- 291 Okunma
- 0 Yorum
- 0 Beğeni
Göçe Göçe-11
15 Mayıs 1878 (13 Cemaziyelevvel 1295) Göçün Kırk Üçüncü Günü;
Kuş uçmaz, kervan geçmez bir yere geldik. Yolu çok kötü; aslında belki de yol mol yok burada; biz öylesine gidiyoruz işte. Nereye baksan orman ve dağların tepeleri görünüyor. Hava da sanki her zamankinden daha erken karardı. Gökyüzünde ne ay ne de bir tane yıldız var. Zifiri bir karanlık çökünce durduk. Aydınlıkken bile buradan geçmek çok zorken, bu göz gözü görmeyen karanlıkta imkansızdı. Hayvanlar boyunduruklarından çıkarlıp ya ot olan bir yerdeki ağaca ya da arabaya bağlandı. Arabaların hemen yanı çimen doluydu.
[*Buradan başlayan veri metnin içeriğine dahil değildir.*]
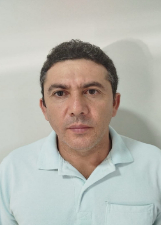 Retrato de CARLINHOS COMUNIDADE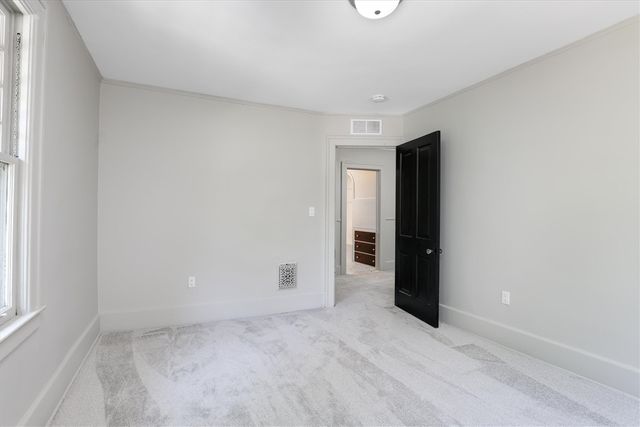 298 Josephine Street, Detroit, MI 48202
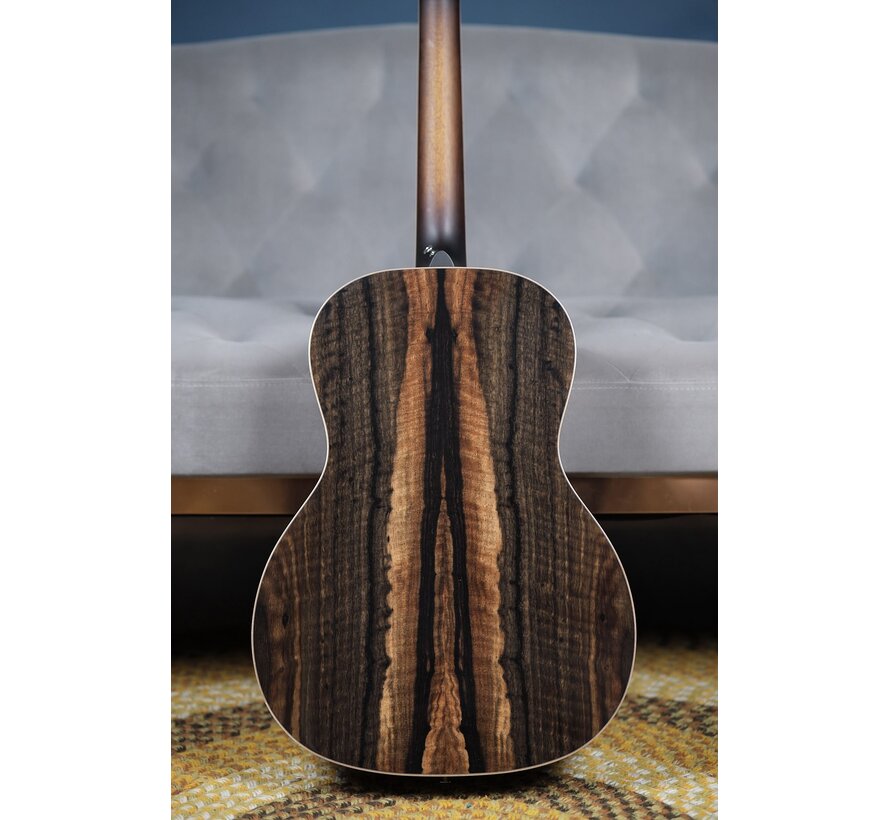 Boucher HG-196-U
Uyuyup, sabaha çıkacağımız zorlu yolculuk için güç toplamalıydık. Beni bir müddet uyku tutmadı. Uykuya daldığımda sabaha fazla bir zaman kalmamıştı.
Sabaha uyandığımızda karşılaştığımıza, bir sürpriz mi yoksa bir felaket mi demeli? İlerimizdeki orman yanıyordu. Önce göğe yükselen siyah dumanları gördüm, sonra bunların yerini alevler aldı. Yangın bize oldukça yakındı. Acaba bulunduğumuz yere kadar yayılır mıydı? Öncüler gidip yangını incelediler. Şimdilik bizim için bir tehlikenin bulunmadığını, ama gene de olduğumuz yerde beklememiz gerektiğini söylediler. Her ihtimale karşı hazırlıklı olmalıydık. Tehlike bize doğru gelirse, geriye dönmek zorunda kalabileceğimizi de eklediler. Koskoca kafile, nasıl geri döndürülecekti? Bu iş o kadar kolay değildi. Zaten geçtiğimiz çoğu yerin genişliği ancak bir araba alacak kadardı. Bu daracık yolda, geri dönmek imkansız gibiydi.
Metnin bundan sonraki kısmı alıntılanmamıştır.